Under the original ability-to-repay rule issued in January of this year, the CFPB authorized certain balloon-payment mortgages to be designated as qualified mortgages if originated and held in portfolio by "small creditors" operating predominantly in rural or underserved areas. The CFPB’s amendments to the January rule make changes to further benefit small creditors as follows:
New Small Creditor Qualified Mortgage
The final rule adopts a fourth category of qualified mortgages for loans originated and held in portfolio for at least three years by small creditors (subject to certain limited exceptions). This provision applies to small creditors even if they do not operate predominantly in rural or underserved areas. These loans are not subject to the debt-to-income ratio limit (i.e., no greater than 43 percent) under the general qualified mortgage definition. However, such loans must meet the general restrictions on qualified mortgages with respect to loan features and points and fees, and small creditors will still need to evaluate a consumer’s debt-to-income ratio or residual income.
Safe Harbor Protection for More Small Creditor Mortgage Loans
The final rule raises the "safe harbor" threshold for certain qualified mortgages made by small creditors. For balloon loans and portfolio loans that are qualified mortgages, the threshold separating those loans that receive a safe harbor as opposed to those that merely receive a rebuttable presumption of compliance is raised from 1.5 percent above the average prime offer rate (the "APOR") to 3.5 percent above the APOR.
Transition Period for Balloon Loans
The final rule provides for a two-year transition period during which balloon loans made by small creditors may meet the qualified mortgage requirements.
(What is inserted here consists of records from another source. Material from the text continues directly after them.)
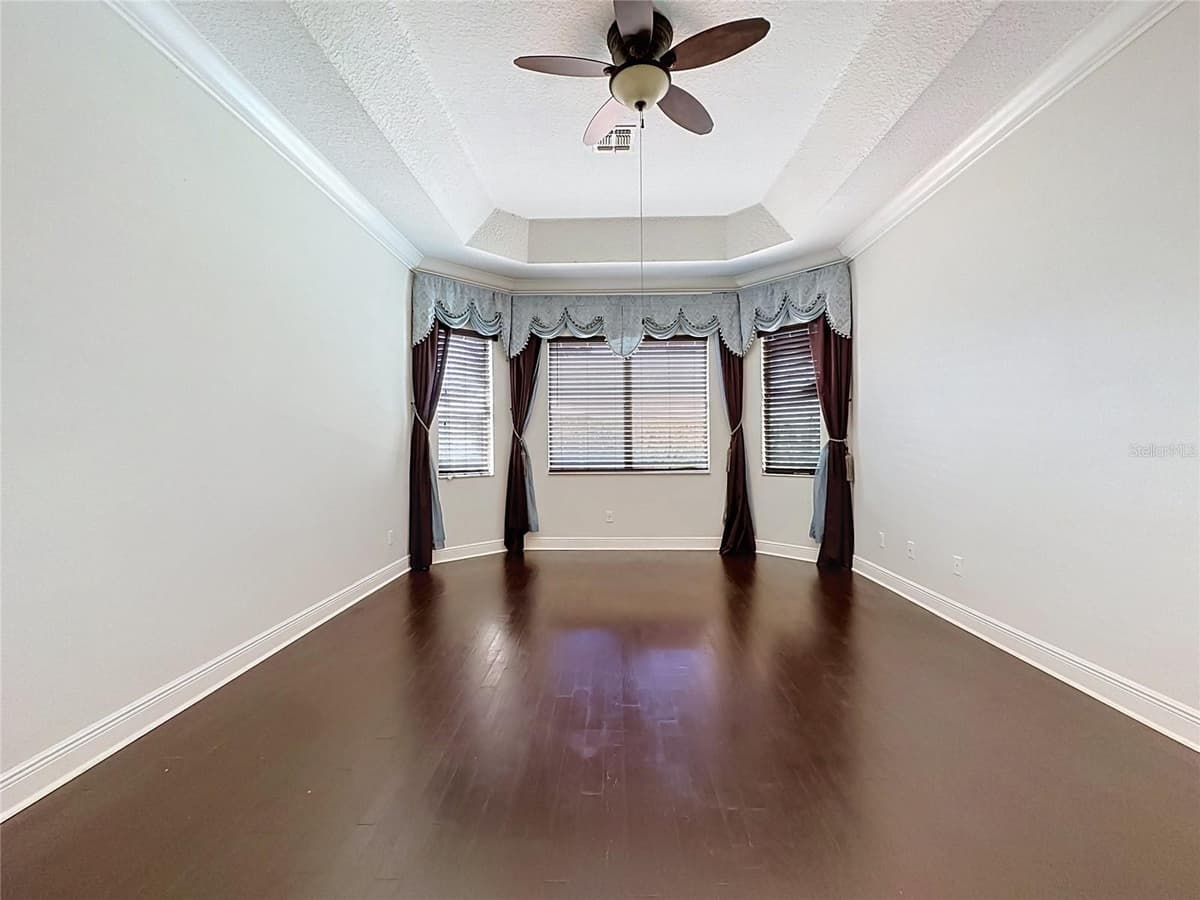 2705 KNIGHTSBRIDGE ROAD — photo 19 of 56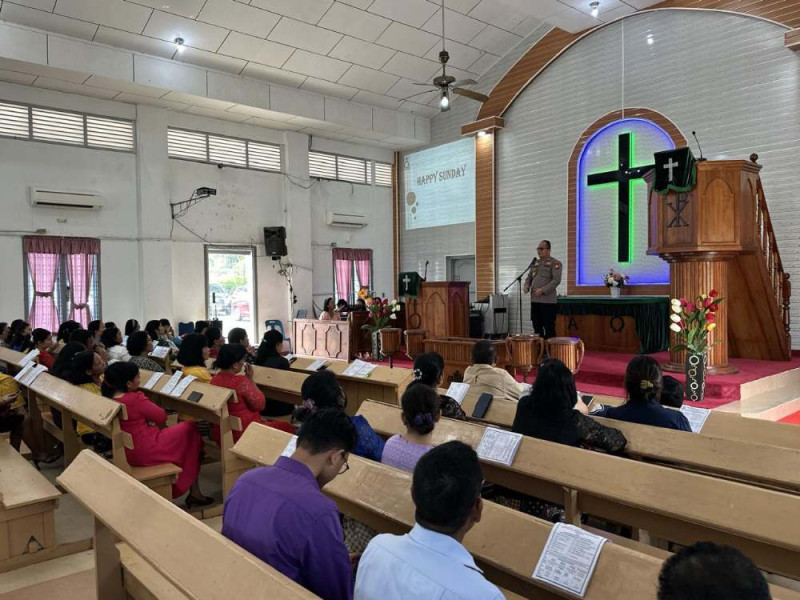 Sambangi Jemaat Gereja, Polsek Minas Gelar Minggu Kasih dan Cooling System Sosialisasi Pilkada Damai
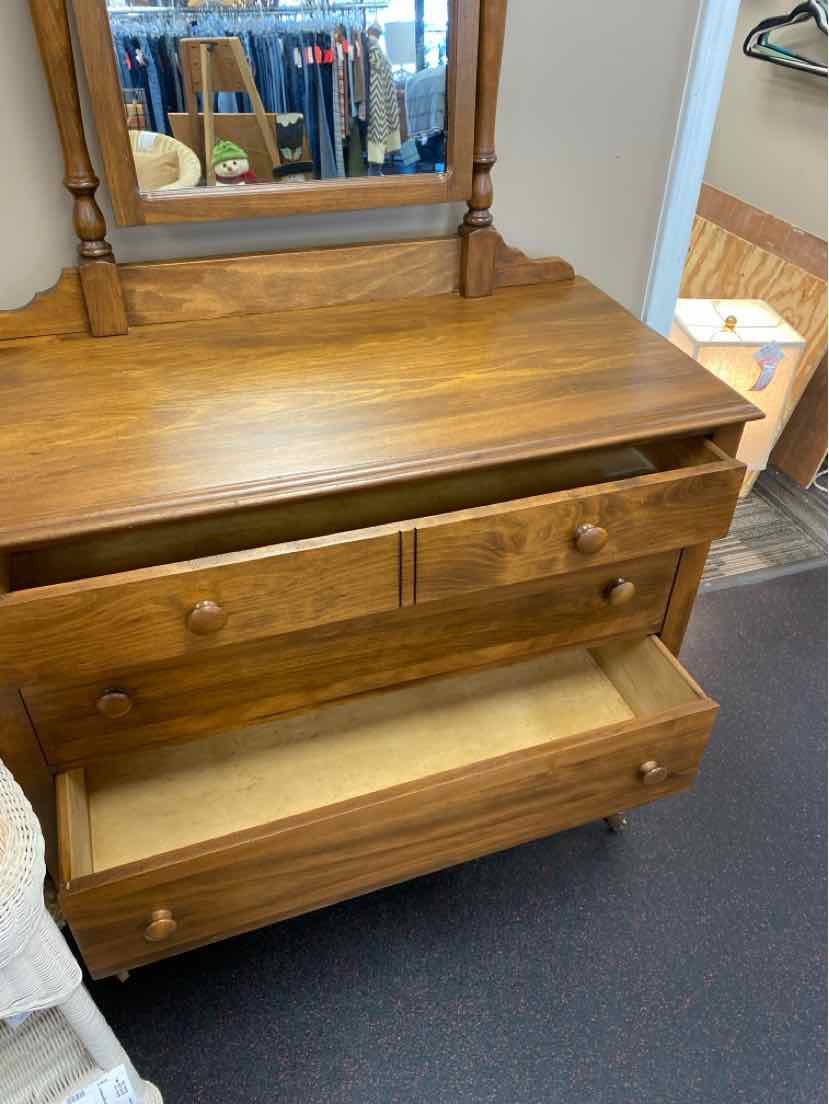 Dresser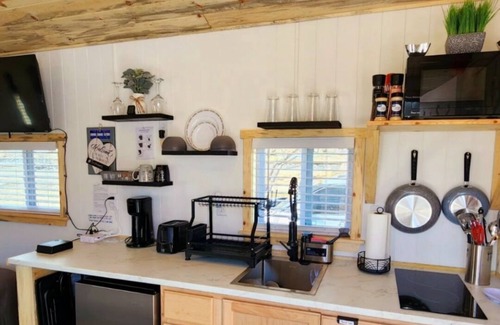 Trinidad Cabina | Brand new Cozy 1 bedroom Cabin w/MT View in a quiet and safe neighborhood.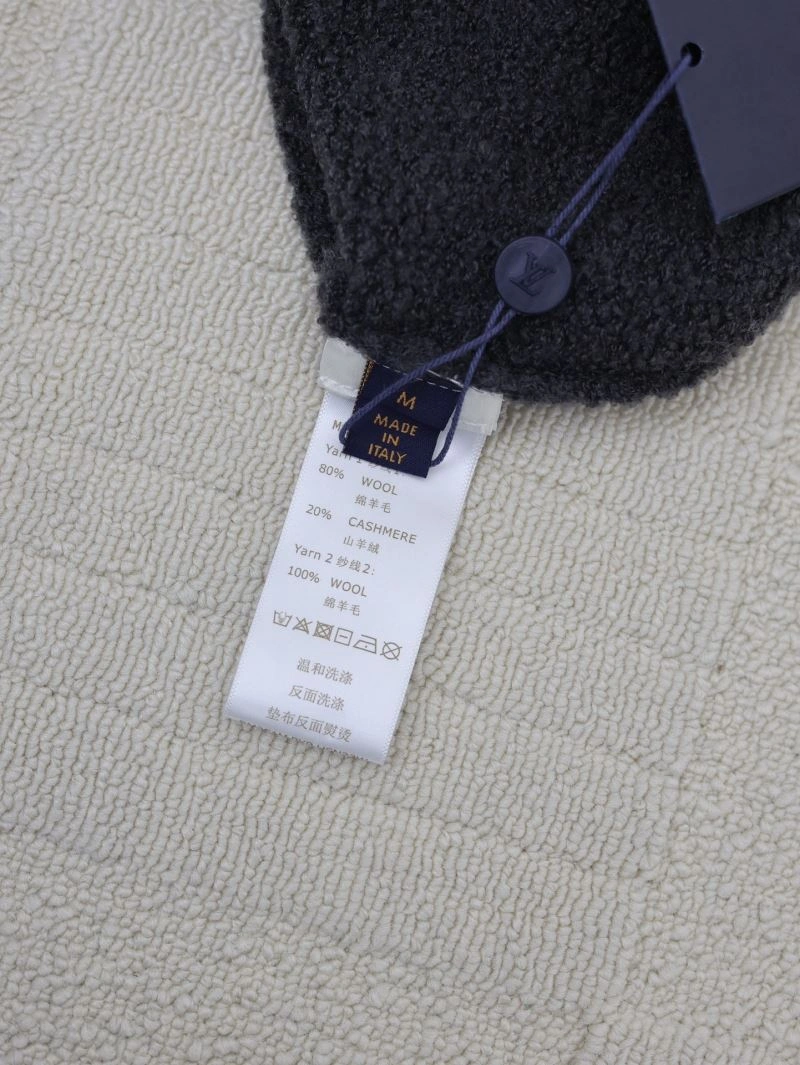 Bold Louis Vuitton Sweaters 138506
In particular, for two years from the effective date of the final rule, small creditors that do not operate predominantly in rural or underserved areas can offer balloon-payment qualified mortgage loans if they hold them in portfolio. During this two-year period, the CFPB intends to study whether the definitions of "rural" or "underserved" should be adjusted and to work with small creditors to transition to other products, such as adjustable-rate mortgages, that satisfy other qualified mortgage definitions.
While these changes represent progress for community banks and credit unions, there are legitimate concerns that they do not go far enough. Of particular note, many community banks and credit unions have more than $2 billion in assets, or make more than 500 first-lien covered mortgages per year, or both, and will thus not get any benefit from these changes. Industry representatives will undoubtedly seek further easing of the ability-to-repay requirements to help smaller institutions.
The final rule is effective January 10, 2014.